Method for conducting combustion in a furnace in order to limit the production of nitrogen oxides, and installation for implementing said method
Abstract
A method for conducting combustion in a fluidized bed furnace, in particular having a sand bed, according to which a flow of primary combustion air is blown through the bed, the fuel consisting in particular of organic waste, or of municipal waste, or of sludge from purifying stations, it being possible to inject secondary air ( 5 a ) into the space ( 5 ) in the furnace located above the bed; in order to limit the production of nitrogen oxides NOx and nitrous oxide N2O: the nitrous oxide N2O and nitrogen oxide NOx content of the fumes at the outlet of the furnace are measured ( 12, 20 ); the temperature of the fluidized bed is controlled to keep it at the highest admissible value at which the production of nitrous oxide N2O is substantially reduced, while the production of nitrogen oxides NOx is not substantially increased; and the excess air in the fluidized bed is controlled to keep it at the lowest admissible value at which the production of nitrogen oxides NOx is reduced without adversely affecting the combustion and the temperature of the bed.
Claims
exact text as granted — not AI-modifiedThe invention claimed is:
1. A process for conducting combustion in a fluidized bed furnace, according to which a flow of primary combustion air is blown through the bed, the fuel including one or more of organic waste, municipal waste, and sludge from purifying plants, wherein secondary air is injectable into the space in the furnace located above the bed, and wherein, in order to limit the production of nitrogen oxides NOx and nitrous oxide N 2 O:
the nitrous oxide N 2 O and nitrogen oxides NOx content of the flue gases is measured at the furnace outlet;
the temperature of the fluidized bed is controlled so as to keep it at the highest value, at or below a maximum temperature value, at which the production of nitrous oxide N 2 O is substantially reduced;
excess air in the fluidized bed is controlled so as to keep it at the lowest admissible value at which the production of nitrogen oxides NOx is reduced without adversely affecting the combustion and the temperature of the bed; and
the excess air of the fluidized bed is controlled on the basis of a measurement of the oxygen O2 content of the flue gases at the furnace outlet and of the difference in temperature between the flue gases at the furnace outlet and the fluidized bed.

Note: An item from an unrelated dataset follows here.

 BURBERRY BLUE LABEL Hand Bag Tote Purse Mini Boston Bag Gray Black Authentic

2. The process as claimed in claim 1 , further comprising using a cocombustion with an auxiliary fuel in liquid, solid or gas form.
3. The process as claimed in claim 1 , wherein a reagent or a catalytic support which improves denitrification is introduced into the fuel.

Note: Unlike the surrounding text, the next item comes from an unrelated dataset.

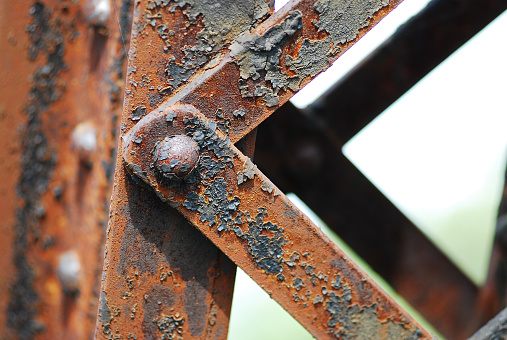 old rusted steel - rusty metal texture / rust texture, Big rusty metal nuts locked with rust and corrosion bolts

4. The process as claimed in claim 1 , wherein the temperature of the fluidized bed is controlled so as to keep it between 700° C. and 850° C.
5. The process as claimed in claim 1 , wherein the oxygen O2 content in the fluidized bed is kept between 0% and 6% by volume.
6. The process as claimed in claim 1 , wherein action is taken on the flow of secondary air so as to keep the excess overall air at the lowest value which ensures complete combustion.
7. The process as claimed in claim 1 , wherein:
in order to limit the production of N 2 O, an algorithm is used in a calculating means of a regulating unit, comprising a PID controller;
a set-point temperature of the bed is introduced into the algorithm,
the nitrous oxide N 2 O content of the flue gases is measured, and the set-point temperature is corrected according to this measured N 2 O content,
the temperature of the bed is measured and its value is introduced into the regulating unit,
the regulating unit determines, on the basis of the difference between corrected set-point temperature of the bed and measured temperature of the bed, the action to be carried out on the temperature of the combustion air, and/or on the siccity of the fuel, and/or on an optional addition of fuel in order to ensure the corrected set-point temperature.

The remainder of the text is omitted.